Aired on KQED and across the country, the two-hour apologia purported to trace both the past and future of Boomers. Yet while This Is Spinal Tap thrust mockumentary into the lexicon almost a quarter-century ago, it took The Boomer Century to reveal the word's hidden meaning: a genuinely earnest production that mocks the intellect of anyone who knows better.
The brainchild of its host, Ken Dychtwald, a San Francisco author and gerontologist, the program began by exalting the early years of the 76 million Americans born between 1946 and 1964. Archival video showed how their idealism inspired the feisty youngsters to torch buildings and sit in the lotus position. In on-screen interviews, an array of aging Boomer luminaries Erica Jong, Rob Reiner, Oliver Stone affirmed that their generation ranks as the finest to grace Earth. Or at least to practice est.
The look back provided a glimpse of the 1960s and '70s through rose-tinted revisionism. We learned that Boomers deserve nearly all the credit for every major sociopolitical advance of the last 60 years, ranging from women's lib and civil rights to the anti-war and green movements. Indeed, the lone event for which they stoop to recognize another generation's role is their birth, an admission of mortality that sent many of them into therapy.
The Boomer Century's second half explored what awaits the generation that, after lopping off its ponytail and donning a tie, hopped in its Volvo, picked up the kids from private school, and headed home to a gated community. Fortunately for his fellow Boomers, Dychtwald delivered a soothing prognosis for their Maalox years: "Increasingly liberated from parenting and full-time work, we'll be free to seek out new experiences and adventures." So long, pesky kids! Across the screen flashed images of gray-haired men playing football and driving race cars, proving once again that while a human be-in happens only once, hedonism lasts forever.
His own hair thick and brown, Dychtwald cut a figure of tanned, toned virility, matching the vigor of his message. Likewise, reflecting Boomers' penchant for denial, he closed the program by suggesting they may finally shed their lifelong vanity and coalesce into the We Generation. With "more time, money, and, hopefully, wisdom to contribute than any generation before us," he declared, together they might solve the planet's biggest crises, whether AIDS in the Third World or global warming.

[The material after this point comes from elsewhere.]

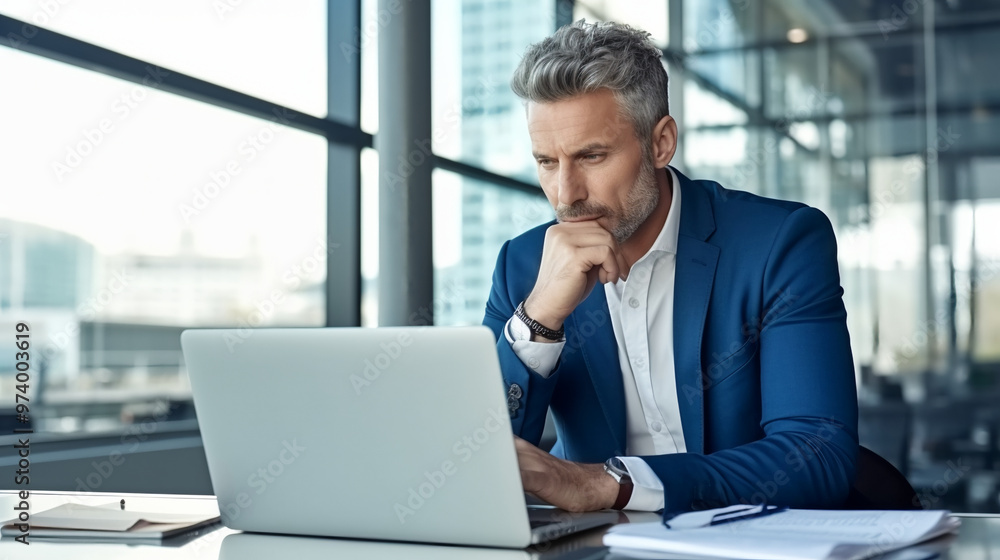 A handsome middle-aged businessman is sitting at his desk in the office, looking pensive and deeply focused on working with a laptop computer while holding his hand under his chin. A handsome middle-aged businessman is sitting at his desk in the office, looking pensive and deeply focused on working with a laptop computer while holding his hand under his chin.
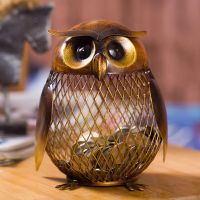 TOOARTS Owl Shaped Metal Coin Box Home Furnishing Articles Crafting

In other words, we're doomed.
Sound cynical? Call it a conditioned response to the hubris of a generation that would attach its name to an entire century. Dychtwald's optimism aside, if the last three decades portend the next three, his brethren will find their inner altruist around the time Eminem covers "Kumbaya." In truth, as they approach Social Security age, Boomers appear most concerned with reminding us they've never loved anything so much as themselves. They stand hunched over not because of arthritis or back pain; they're gazing at their navels.
Since last year, when the oldest among them started turning 60, Boomerganda has blitzed the country. A mix of self-promotion and historical fantasy, this pro-Boomer hype recasts them as The Greater Generation, to borrow the humble title of a recent book touted as a "defense of the Baby Boom legacy." On TV and Web sites, in news articles and windy tomes, generational shills aver that the nation rode the Boomer rebellion into an enlightened age, freed at last from the tyranny of Pat Boone.
But as sure as Woodstock's free love gave way to Altamont's bloodshed, the promise of Boomers succumbed long ago to egotism. Beneath the middle-class nostalgia lies an American dystopia of their making, a state of disgrace now laid bare by social critics and the online hordes.
Boomers traded tree-hugging for money-grubbing and unraveled the social welfare net. Their refusal to reform Social Security and Medicare threatens to bankrupt federal coffers, while their talk of "reinventing" retirement conceals the bleak fact that almost half of them can't afford to quit working, thanks to deficient savings. Their budget woes derive, in part, from checkbook parenting, an indulgent manner of child-rearing that has yielded a cultural anomaly once thought impossible a generation of young adults more narcissistic than Boomers.
Not that Mom and Dad would utter a mea culpa for their blunders, either as parents or as members of the generation that popularized the Smothers brothers, bad credit, and wife-swapping. After all, it's the Boomer century. We just curse at it.
State Senate leader Don Perata proposed a ballot initiative last month demanding removal of U.S. troops from Iraq. Explaining his rationale, the Oakland Democrat evoked the blood spilled by his generation during an earlier war of choice. "A lot of us Baby Boomers, we've been here before," he said at a press conference. "We lost our moral center in this country because of what happened in Vietnam. I'll be damned if I'm going to let that happen again."
Memo to Sen. Perata: Vietnam started happening again four years ago, and this time, the Texan in Chief sending young Americans to die hails from your age bracket.
Despite a ripe sense of entitlement and past drug use, George Bush may seem an unlikely figurehead for his generation. A momma's boy who stocks his Cabinet with Daddy's friends, he respects his parents, violating the Boomer golden rule. As a young man, by all accounts, he showered regularly, wore nothing tie-dyed, and regarded Kissinger as the true lizard king. He tuned out the consciousness revolution, perhaps unable to pronounce its name.